Cost for the Foundry Agent is driven by model tokens, tool executions, retrieval calls, traces, evaluations, hosted agent runtime, knowledge indexing, duplicate experiments, failed retries, and operator review time after ambiguous or unsafe responses. The expensive mistake is not only Azure consumption; it is also duplicate processing, failed retries, audit cleanup, manual investigations, and unnecessary capacity caused by weak design evidence. Review whether the workload truly needs the selected tier, frequency, retention, diagnostics, network path, and automation pattern. Use tags, budgets, alerts, and recurring reviews so teams can explain why the current design exists and remove stale resources safely. This keeps Foundry Agent review specific across architecture, security, operations, and incident response.

Reliability

Reliability for the Foundry Agent depends on model endpoint health, tool availability, knowledge retrieval quality, quota, retry behavior, run state handling, timeout settings, trace collection, fallback path, and human review when automation cannot complete safely. A healthy Azure resource can still fail the business workflow if downstream services, identities, triggers, clients, or data contracts are wrong. Test retries, failover assumptions, disabled states, stale configuration, private DNS problems, timeout behavior, and duplicate processing before relying on the design. Keep runbooks for first-response checks, known limits, owner escalation, and rollback so support teams can recover without guessing.

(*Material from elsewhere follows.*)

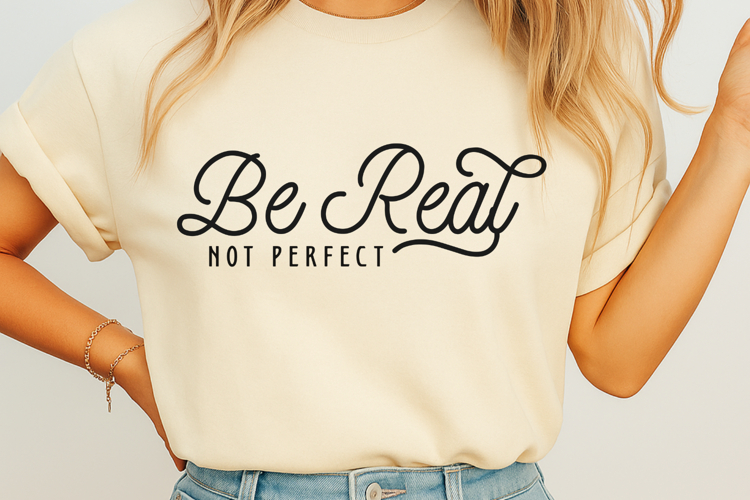Be Real Not Perfect SVG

This keeps Foundry Agent review specific across architecture, security, operations, and incident response.

Performance

Performance for the Foundry Agent depends on model latency, token volume, tool-call sequence, retrieval complexity, connection latency, agent run polling, concurrent sessions, grounding quality, and whether the application waits for long-running tools synchronously. Measure platform-side metrics and application-side completion metrics because fast service response does not always mean the business task finished. Use realistic data sizes, concurrency, filter patterns, region placement, authentication paths, and downstream limits in tests. When performance regresses, compare configuration changes, resource limits, client logs, diagnostic data, and workload timing before adding capacity or blaming one Azure service. This keeps Foundry Agent review specific across architecture, security, operations, and incident response.

Operations

Operations for the Foundry Agent require named owners, documented resource IDs, expected behavior, diagnostic settings, and first-response checks. Before a change, capture read-only CLI output, portal screenshots when useful, deployment history, and relevant application configuration. During incidents, avoid changing several settings at once. Compare service metrics, logs, run history, identity evidence, network state, and downstream health in the same time window. Keep release notes clear enough for support teams to verify current behavior quickly. This keeps Foundry Agent review specific across architecture, security, operations, and incident response. This keeps Foundry Agent review specific across architecture, security, operations, and incident response.

Common mistakes

  • Treating Foundry Agent as a label instead of checking the exact resource scope, live configuration, owner, and dependencies.
  • Changing several settings at once without saving read-only evidence, rollback instructions, and the expected metric change.
  • Assuming the Azure resource succeeded means the end-to-end business workflow completed correctly and safely.